A lo largo de la historia, diversas culturas hasta nuestros días han utilizado el silencio para acudir a la relajación, la recapacitación y la evasión de la rutina. Por otro lado, la música roza el lado emocional y sentimental del ser humano para teñirlo y ambientarlo de recuerdos y experiencias, tanto únicas como pasajeras. Aunque ¿no es cierto que existen semejanzas en los usos que se le dan al silencio respecto a la música y que ambos se perciben de la misma forma? El hecho innegable de que algo los une surge con la intervención del concepto ‘sonido’.
Hasta donde entendemos, a la música podemos escucharla, en cambio, el silencio parte de la abstinencia sonora o musical. Pero antes deberíamos reparar en algo, ¿qué es la música? ¿Dónde se encuentra? Si la definición oficial es “ El arte de vincular los sonidos en el tiempo”, se entiende que cualquier sonido desarrollado por un objeto o de la forma adecuada y que guarde patrones rítmicos, melódicos y/o armónicos, es teoría para comprender la evolución de la música en cada rincón del mundo.
En consecuencia, la música está en el ser vivo. El corazón posee un sonido rítmico que acompaña a tu estado físico en este momento. La respiración sigue el mismo orden y gracias al oído podemos comprender el sonido de ese aire que nuestras vías respiratorias generan hacia el exterior. Los ojos se abren y cierran mientras lees estas palabras de forma sincrónica y siguiendo un encargo motriz de tus directrices. Si por el contrario estuvieras incapacitado de la vista y el oído, podrías sentir las vibraciones del aire de tus pulmones mientras que estas letras serían degustadas con uno de los mayores emblemas y legados del hombre: sus manos.
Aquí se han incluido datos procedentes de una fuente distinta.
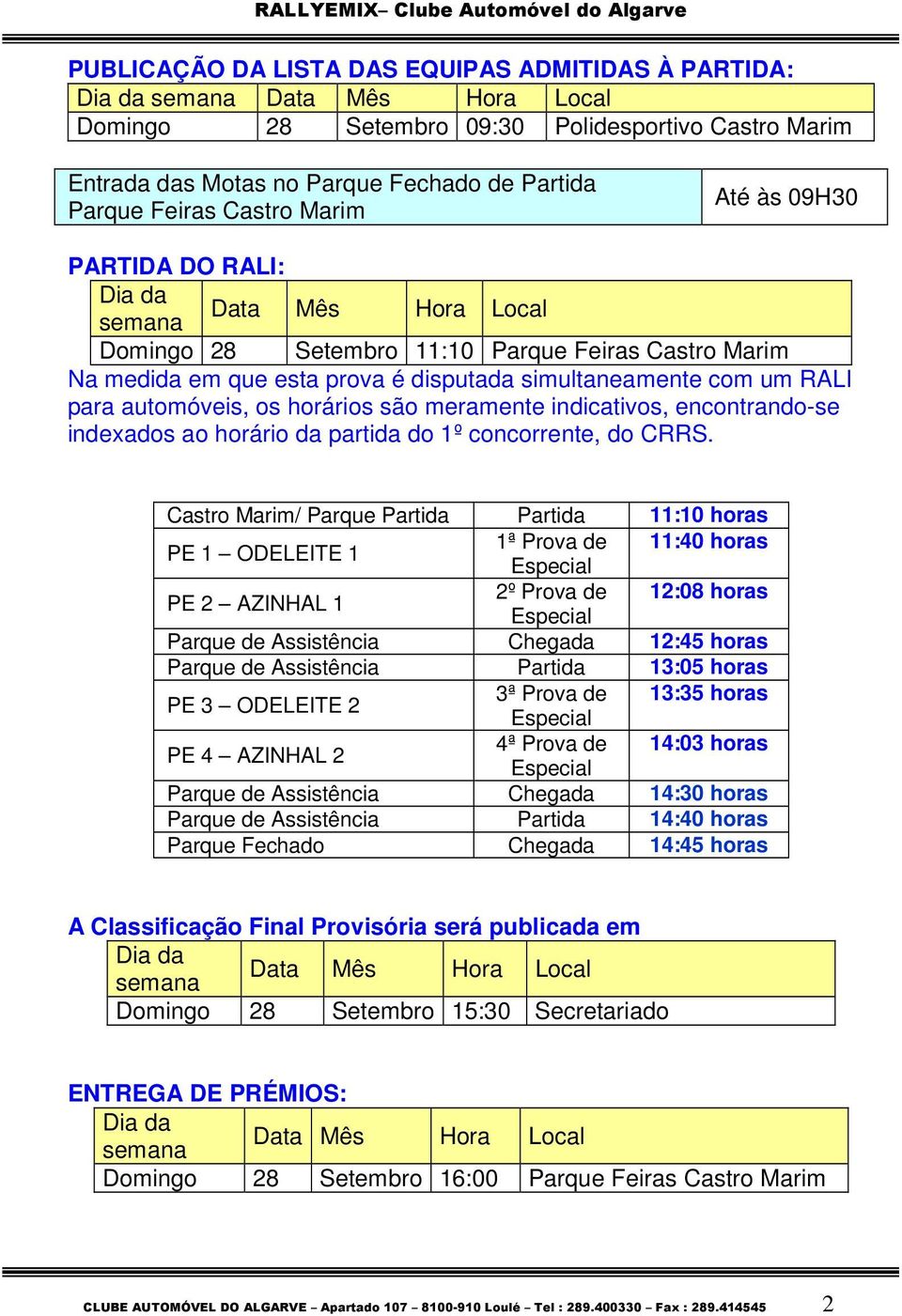 horários são meramente indicativos, encontrando-se indexados ao horário da partida do 1º concorrente, do CRRS.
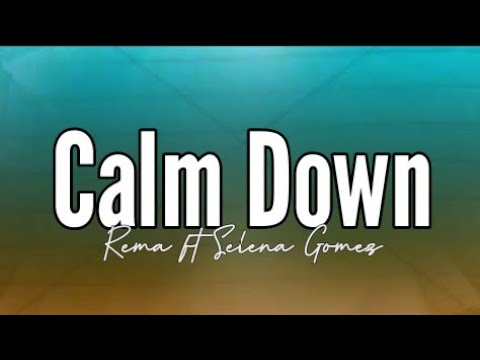 Rema - Calm Down (Remix) Feat. Selena Gomez (Lyrics)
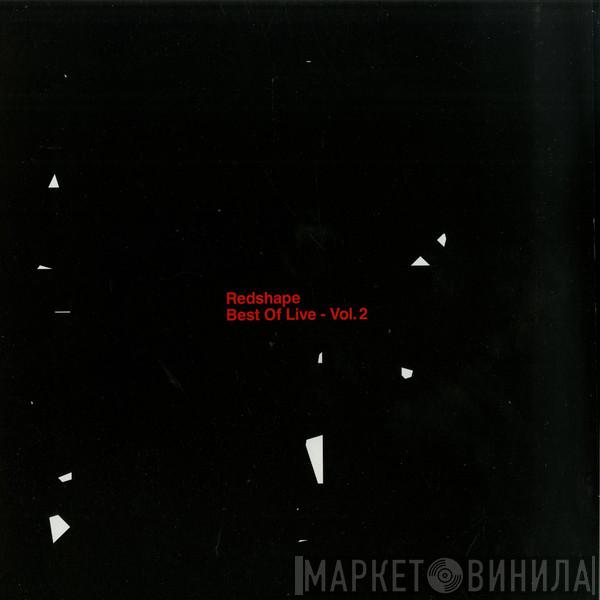 Redshape - Best Of Live - Vol. 2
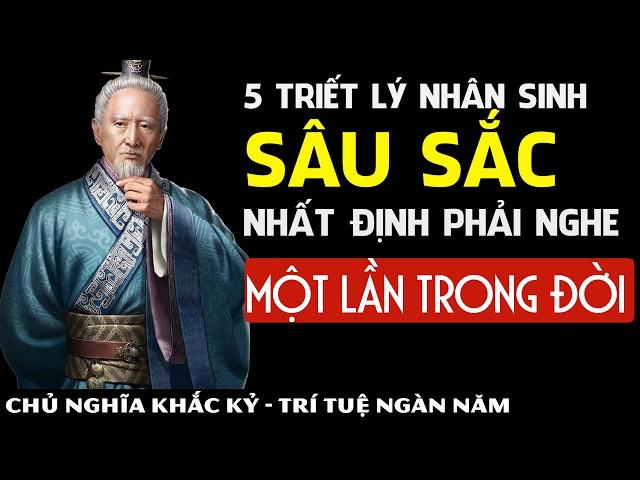 5 triết lý NHÂN SINH nhất định phải NGHE một lần trong đời | Khắc Kỷ 365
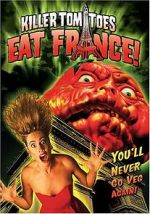 Watch Killer Tomatoes Eat France! Watch123movies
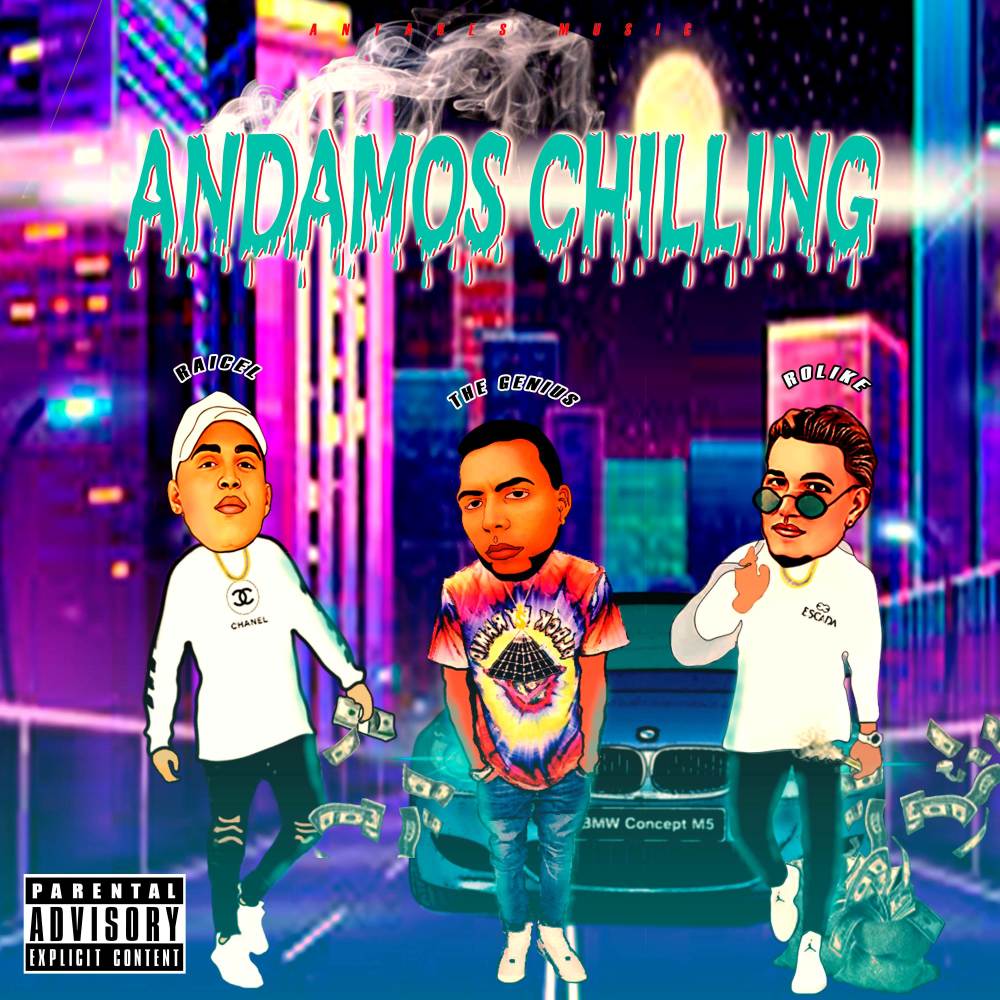 ANDAMOS CHILING (Explicit)
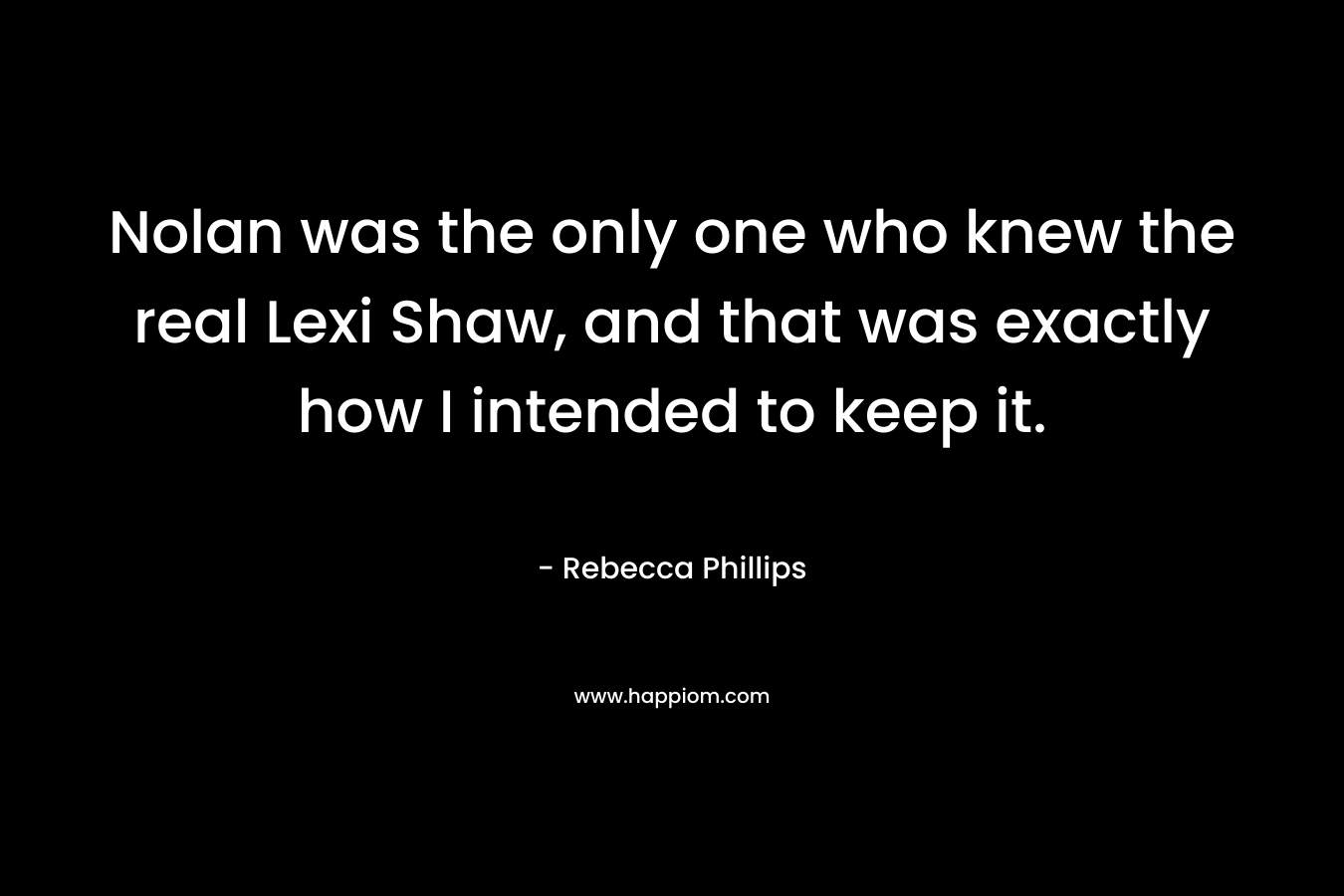 Nolan was the only one who knew the real Lexi Shaw, and that was exactly how I intended to keep it. – Rebecca Phillips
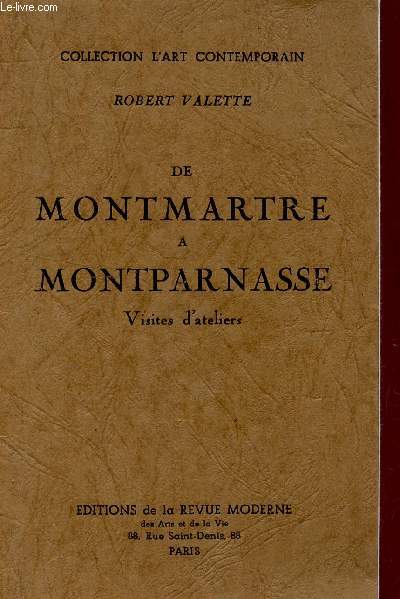 DE MONTMARTRE A MONTPARNASSE / COLLECTION L'ART CONTEMPORAIN.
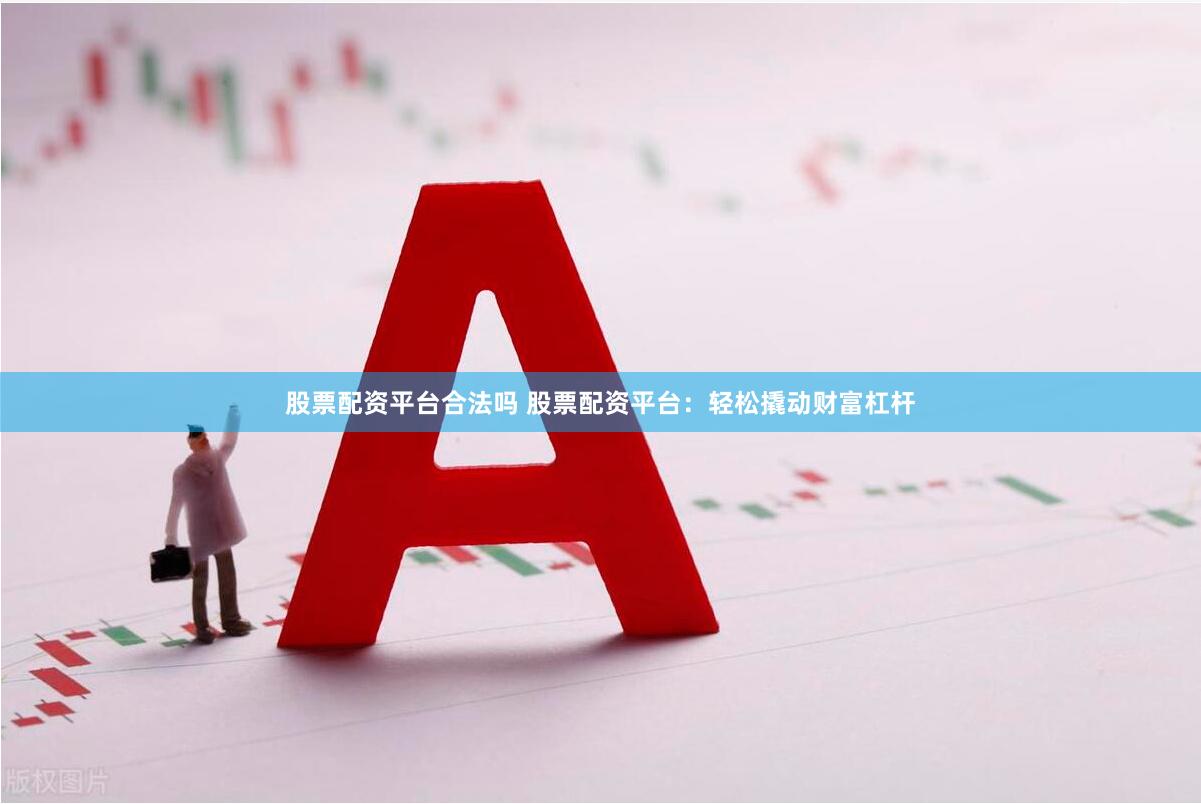 股票配资平台合法吗 股票配资平台：轻松撬动财富杠杆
Partiendo de algo tan básico, vemos cómo el ser humano está impregnado de música ni las incapacidades físicas más retorcidas que tratan de apartar a nuestro ser de ella pueden conseguirlo. Ni mucho menos todo acaba aquí, más bien todo lo contrario. Abrir nuestros sentidos ante la naturaleza que nos rodea, despierta en nosotros un mundo cargado de música evocada por nuestros artificios, por la tierra y sus recintos, tildados con sonoridades peculiares, especiales y personalizadas de cada uno de ellos. Todas esas fuentes de sonido han despertado las inquietudes y emociones del ser humano desde su primera etapa de evolución y desarrollo, haciéndole acoger una sensibilidad única y pura que le ha llevado a convivir con ella a lo largo de toda su vida de forma inherente.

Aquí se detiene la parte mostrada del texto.